Work required
Word for word, restate the records that follow.
START Information shown
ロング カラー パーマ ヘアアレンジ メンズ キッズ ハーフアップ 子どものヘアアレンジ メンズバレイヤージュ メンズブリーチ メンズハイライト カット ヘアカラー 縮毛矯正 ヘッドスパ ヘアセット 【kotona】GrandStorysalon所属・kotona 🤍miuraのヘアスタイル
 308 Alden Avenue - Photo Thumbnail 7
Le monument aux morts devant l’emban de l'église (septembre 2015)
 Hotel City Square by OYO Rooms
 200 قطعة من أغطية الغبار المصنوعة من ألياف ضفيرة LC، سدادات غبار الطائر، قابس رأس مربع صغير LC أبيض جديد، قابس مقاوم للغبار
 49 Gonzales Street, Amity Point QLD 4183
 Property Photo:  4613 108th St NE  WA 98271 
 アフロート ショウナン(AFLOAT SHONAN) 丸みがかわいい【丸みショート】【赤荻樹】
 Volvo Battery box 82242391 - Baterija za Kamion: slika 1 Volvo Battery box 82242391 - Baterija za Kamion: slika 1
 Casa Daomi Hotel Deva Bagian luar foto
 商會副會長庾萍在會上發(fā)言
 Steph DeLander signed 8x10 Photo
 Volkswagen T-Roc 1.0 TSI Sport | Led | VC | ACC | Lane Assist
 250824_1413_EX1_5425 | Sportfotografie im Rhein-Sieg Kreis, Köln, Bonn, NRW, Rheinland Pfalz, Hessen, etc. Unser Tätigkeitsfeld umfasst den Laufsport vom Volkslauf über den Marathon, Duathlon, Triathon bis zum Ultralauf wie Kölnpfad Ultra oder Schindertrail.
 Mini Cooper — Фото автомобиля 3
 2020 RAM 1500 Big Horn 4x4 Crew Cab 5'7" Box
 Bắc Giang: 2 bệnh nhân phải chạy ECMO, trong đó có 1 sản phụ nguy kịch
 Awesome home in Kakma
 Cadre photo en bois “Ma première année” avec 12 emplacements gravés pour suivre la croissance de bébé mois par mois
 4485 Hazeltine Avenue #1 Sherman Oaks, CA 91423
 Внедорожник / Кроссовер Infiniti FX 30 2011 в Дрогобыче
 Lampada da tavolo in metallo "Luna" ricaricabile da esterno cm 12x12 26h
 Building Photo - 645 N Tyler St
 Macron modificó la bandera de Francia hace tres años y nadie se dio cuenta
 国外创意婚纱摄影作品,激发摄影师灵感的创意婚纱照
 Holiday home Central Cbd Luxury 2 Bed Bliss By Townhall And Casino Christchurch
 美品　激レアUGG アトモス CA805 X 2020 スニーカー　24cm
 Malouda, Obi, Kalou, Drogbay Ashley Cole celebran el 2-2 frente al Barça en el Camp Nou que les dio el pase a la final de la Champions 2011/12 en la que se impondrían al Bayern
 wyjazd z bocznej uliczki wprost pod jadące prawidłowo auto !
END Information shown
Solution for this task
ロング カラー パーマ ヘアアレンジ メンズ キッズ ハーフアップ 子どものヘアアレンジ メンズバレイヤージュ メンズブリーチ メンズハイライト カット ヘアカラー 縮毛矯正 ヘッドスパ ヘアセット 【kotona】GrandStorysalon所属・kotona 🤍miuraのヘアスタイル
 308 Alden Avenue - Photo Thumbnail 7
Le monument aux morts devant l’emban de l'église (septembre 2015)
 Hotel City Square by OYO Rooms
 200 قطعة من أغطية الغبار المصنوعة من ألياف ضفيرة LC، سدادات غبار الطائر، قابس رأس مربع صغير LC أبيض جديد، قابس مقاوم للغبار
 49 Gonzales Street, Amity Point QLD 4183
 Property Photo:  4613 108th St NE  WA 98271 
 アフロート ショウナン(AFLOAT SHONAN) 丸みがかわいい【丸みショート】【赤荻樹】
 Volvo Battery box 82242391 - Baterija za Kamion: slika 1 Volvo Battery box 82242391 - Baterija za Kamion: slika 1
 Casa Daomi Hotel Deva Bagian luar foto
 商會副會長庾萍在會上發(fā)言
 Steph DeLander signed 8x10 Photo
 Volkswagen T-Roc 1.0 TSI Sport | Led | VC | ACC | Lane Assist
 250824_1413_EX1_5425 | Sportfotografie im Rhein-Sieg Kreis, Köln, Bonn, NRW, Rheinland Pfalz, Hessen, etc. Unser Tätigkeitsfeld umfasst den Laufsport vom Volkslauf über den Marathon, Duathlon, Triathon bis zum Ultralauf wie Kölnpfad Ultra oder Schindertrail.
 Mini Cooper — Фото автомобиля 3
 2020 RAM 1500 Big Horn 4x4 Crew Cab 5'7" Box
 Bắc Giang: 2 bệnh nhân phải chạy ECMO, trong đó có 1 sản phụ nguy kịch
 Awesome home in Kakma
 Cadre photo en bois “Ma première année” avec 12 emplacements gravés pour suivre la croissance de bébé mois par mois
 4485 Hazeltine Avenue #1 Sherman Oaks, CA 91423
 Внедорожник / Кроссовер Infiniti FX 30 2011 в Дрогобыче
 Lampada da tavolo in metallo "Luna" ricaricabile da esterno cm 12x12 26h
 Building Photo - 645 N Tyler St
 Macron modificó la bandera de Francia hace tres años y nadie se dio cuenta
 国外创意婚纱摄影作品,激发摄影师灵感的创意婚纱照
 Holiday home Central Cbd Luxury 2 Bed Bliss By Townhall And Casino Christchurch
 美品　激レアUGG アトモス CA805 X 2020 スニーカー　24cm
 Malouda, Obi, Kalou, Drogbay Ashley Cole celebran el 2-2 frente al Barça en el Camp Nou que les dio el pase a la final de la Champions 2011/12 en la que se impondrían al Bayern
 wyjazd z bocznej uliczki wprost pod jadące prawidłowo auto !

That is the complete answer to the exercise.